HGTV Dream Home Winners Don't Always Live Happily Ever After

Dream Big, but Be Smart If You're Lucky

Brooke Lorren
Every year, HGTV gives away a fabulous home. HGTV announced the 2011 Dream Home Giveaway: a gorgeous home in Stowe, Vermont. With the home comes a brand new 2011 GMC Acadia Denali and $500,000 cash! The total prize is worth more than $2 million... even after the real estate devaluation that has occurred. As a sweeper, I see a lot of prizes for $1000. I won a trip worth more than that in 2008. I see the rare prize worth $10k, or even $100k. M&Ms has a $1 million prize every year, but the grand daddy of all sweepstakes has got to be the HGTV dream home.

You can enter every day from January 1st, 2011 until February 18. Although millions of HGTV viewers and sweepers from around the country will be coveting the Dream Home win until they announce the winner later this spring, for one person that did win the HGTV Dream Home, the ultimate win turned into the ultimate disappointment.

In 2005, Don Cruz won the HGTV Dream Home, a 6,000 square foot mansion located in Tyler, Texas. Most HGTV Dream Home winners sell their home, but Cruz decided to try to keep the house. Unfortunately, some dreams are a little bit too big for one's current reality. The Cruz's thought that they could live in the house and use the $250,000 prize money to live off of, but they ended up losing just about everything.

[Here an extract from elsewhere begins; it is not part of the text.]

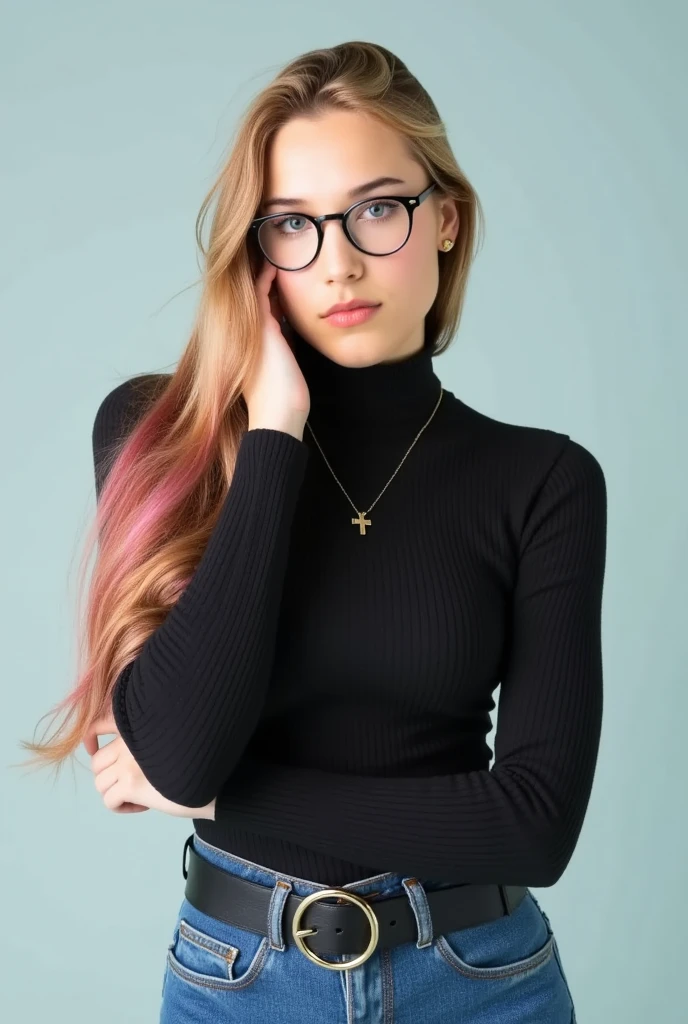 1girl,, maid headdress, heart,, collar, blonde hair, long hair, , blush, brown eyes, looking at viewer, red collar,, halo, , , upper body, black background, saliva, collarbone, simple background, teeth, nose blush,, belt collar, top light, maid dress shirt, earrings,
c0rdelia_n0texist glasses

The upkeep on the Cruz's Dream home ran to $2,900 a month. They had to pay $7000 a year for homeowner's insurance. Then they decided to keep their old home in Batavia, Illinois, which ran them another $1000 a month. If you're doing the math at home, that's $4483 a month, or $53,800 a year, just for home related expenses. That doesn't include property taxes, living expenses, or the $672,000 bill from Uncle Sam from the income received from winning the dream home.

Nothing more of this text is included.